Every line from the one with "124K1013000　M Okinawa2 TEE　BLACK　680456-0002" through the final line of the entries below should be returned exactly; leave out all other lines.

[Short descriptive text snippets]
- - - - -

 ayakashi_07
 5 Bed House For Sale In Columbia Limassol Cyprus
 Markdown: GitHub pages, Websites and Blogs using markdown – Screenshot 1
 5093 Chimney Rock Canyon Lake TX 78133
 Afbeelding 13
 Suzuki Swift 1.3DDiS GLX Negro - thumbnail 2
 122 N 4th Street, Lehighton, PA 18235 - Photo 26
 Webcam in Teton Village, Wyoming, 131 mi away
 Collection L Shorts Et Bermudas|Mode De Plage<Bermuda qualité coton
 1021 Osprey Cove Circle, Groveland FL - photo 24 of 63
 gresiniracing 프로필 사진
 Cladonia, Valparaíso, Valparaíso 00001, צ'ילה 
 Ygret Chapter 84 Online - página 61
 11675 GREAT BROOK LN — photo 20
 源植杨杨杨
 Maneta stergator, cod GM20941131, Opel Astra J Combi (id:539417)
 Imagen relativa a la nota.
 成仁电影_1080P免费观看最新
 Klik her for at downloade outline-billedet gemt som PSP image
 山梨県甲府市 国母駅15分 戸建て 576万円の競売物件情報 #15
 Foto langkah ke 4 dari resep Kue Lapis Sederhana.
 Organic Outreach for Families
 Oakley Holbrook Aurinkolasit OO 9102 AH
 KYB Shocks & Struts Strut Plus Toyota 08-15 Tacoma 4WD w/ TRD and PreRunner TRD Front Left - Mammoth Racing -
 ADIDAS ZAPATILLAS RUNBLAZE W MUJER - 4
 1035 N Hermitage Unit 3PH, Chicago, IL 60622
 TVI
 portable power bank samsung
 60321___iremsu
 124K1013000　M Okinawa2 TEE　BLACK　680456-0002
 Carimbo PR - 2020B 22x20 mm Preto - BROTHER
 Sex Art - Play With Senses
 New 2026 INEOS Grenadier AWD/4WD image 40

- - - - -

* Reply *
 124K1013000　M Okinawa2 TEE　BLACK　680456-0002
 Carimbo PR - 2020B 22x20 mm Preto - BROTHER
 Sex Art - Play With Senses
 New 2026 INEOS Grenadier AWD/4WD image 40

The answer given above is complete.